Titre original : « El viejo que leia novelas de amor »

1992, Editions Métailié, pour la traduction française

Traduction : François Maspéro

129 pages

 

 

Attention ! Chef d’œuvre !

Voici un ouvrage petit en nombre de pages mais un très grand roman en termes de puissance et d’impact.

 

« Le vieux qui lisait des romans d’amour » est une fable humaniste sur le sens d’une vie, à travers l’histoire d’un vieil homme sur l’immense territoire d’un petit village amazonien de l’Equateur, El Idilio. Un lieu sacré pour les uns (les indiens Shuars), un lieu de perdition pour les autres (les chercheurs d’or et de diamants). Le tout sur fond de menace sourde et invisible d’une femelle ocelot dont on a tué les petits et blessé le mâle.

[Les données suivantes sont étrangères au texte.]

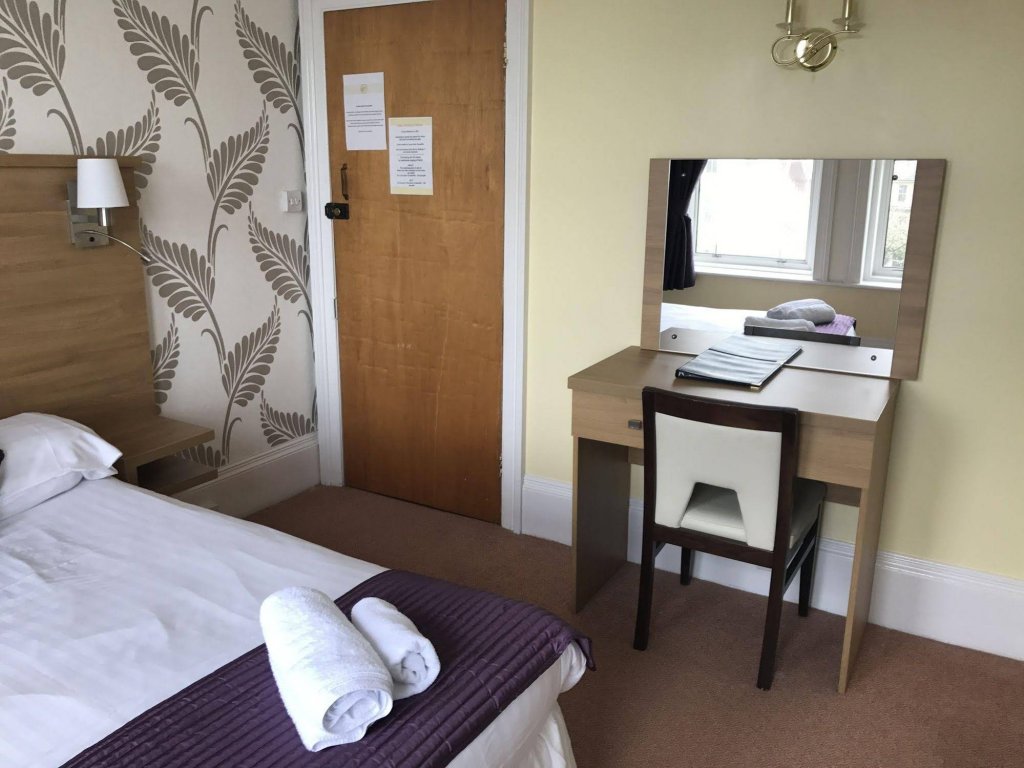 Фото Oyo Eagle House Hotel, St Leonards Hastings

La mort est toujours présente dans ce paradis ou cet enfer végétal selon la manière de se l’approprier.

 

Le vieil homme, José Antonio Bolivar, avait fui l’autre monde, celui des villes et des apparences. Il s’était installé en plein territoire Shuar où il avait tout appris de la vie dans ce territoire sauvage aux règles nettes et sans détour parce qu’absolument nécessaires à la vie ou à la survie. Dans cette forêt humide où la canopée cache la lumière, où la pluie se transforme en brouillard qui rend tout invisible, les Shuars ont appris à José Antonio Bolivar les mille et unes petites choses qui permettent de savoir répondre à ses besoins de nourriture, de chasse, de déplacements, de protection face aux menaces multiples, de respect de cette nature qui offre tout ce qui est nécessaire pour vivre.

Comme dirait l’indien en crachant bien fort pour qu’on sache qu’il dit la vérité : « (…) Tu es le chasseur des blancs, tu as un fusil, tu violes la mort en l’entourant de douleur. (…) »

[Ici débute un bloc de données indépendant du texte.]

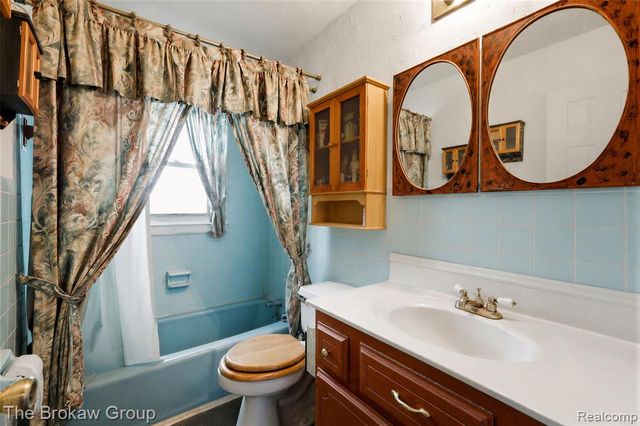 10431 Davison Road, Davison, MI 48423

Et dans cette façon de considérer la nature environnante comme une personne nourricière à part entière, les Shuars ajoutent : « Le jour, il y a l’homme et la forêt. La nuit, l’homme est forêt. »

 

C’est dans cette atmosphère prégnante et belle à la fois que se dessine une lutte sans merci entre les hommes et l’ocelot, entre les fusils et les griffes, entre ceux qui s’imaginent puissants parce qu’ils ont un fusil  et l’autre puissance tapi dans l’ombre d’un lieu qui est le sien.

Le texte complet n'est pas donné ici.